Das "Quantenkino“ versteht sich nicht nur als Kunst. In der erstmaligen Darstellung höherer Dimensionen in filmischen Abläufen atmet auch eine Art von "Forschergeist“: Denn Bilder sind heute oft eine Voraussetzung für die Fortsetzung von Forschungsfragen, und Visualisierung kann den Nährboden für neue Ebenen wissenschaftlicher Theorien bereiten. Das "Quantenkino“ ist eines der Beispiele künstlerischer Forschung, die bei der unlängst zu Ende gegangenen Ausstellung "Out of the Box“ im Museum für Angewandte Kunst in Wien präsentiert wurden. Das Zauberwort der "künstlerischen Forschung“ ist heute eines der großen Themen an den internationalen Kunstuniversitäten - und stößt, wie die Wiener Ausstellung gezeigt hat, auch außerhalb der Fachwelt auf wachsendes Interesse.

Praktiken der Erkenntnis

Was aber ist unter künstlerischer Forschung eigentlich zu verstehen? Wie soll man die Synergien von Wissenschaft und Kunst am besten ausloten? Und haben die Künste nicht schon immer auf ihre Weise geforscht?

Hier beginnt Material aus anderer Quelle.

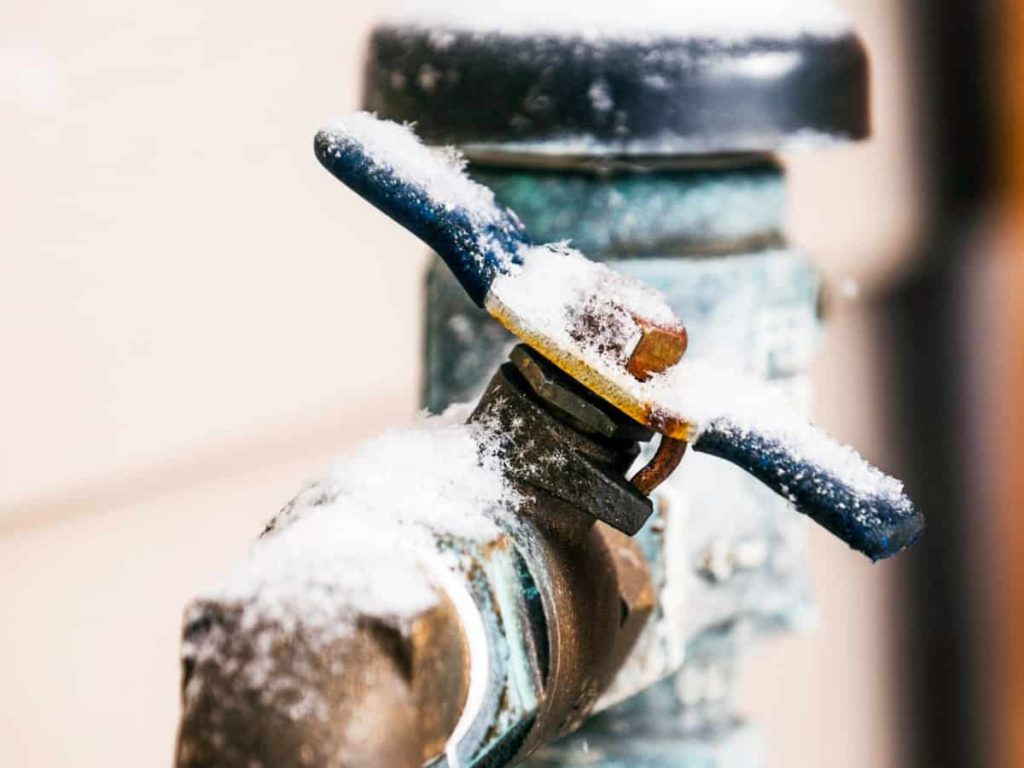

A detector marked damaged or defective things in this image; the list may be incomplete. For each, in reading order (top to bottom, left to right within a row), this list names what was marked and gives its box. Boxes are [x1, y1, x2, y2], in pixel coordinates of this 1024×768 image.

rust [632, 436, 688, 496]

Diese Fragen, die derzeit an Kunstinstitutionen besonders heftig diskutiert werden, bildeten kürzlich den Ausgangspunkt für einen Workshop am Internationalen Forschungszentrum Kulturwissenschaften in Wien. "In den letzten Jahren ist es trotz einer Rhetorik der Vermischung eher zu einer hierarchisierenden Aufspaltung zwischen Theorie und Praxis gekommen anstatt zu einer wechselseitigen Befragung unterschiedlicher Erkenntnispraxen“, konstatierte Karin Harrasser von der Kunstuniversität Linz. Die Kulturwissenschafterin verwies darauf, dass auch Lesen, Schreiben und selbst das philosophische Denken als Praxis zu verstehen sind - und umgekehrt künstlerische Praxis immer auch aus "nachdenklichen, forschenden und experimentellen Anteilen“ besteht, dass also in den Künsten "sehr wohl Erkenntnisformen eingelagert sind“.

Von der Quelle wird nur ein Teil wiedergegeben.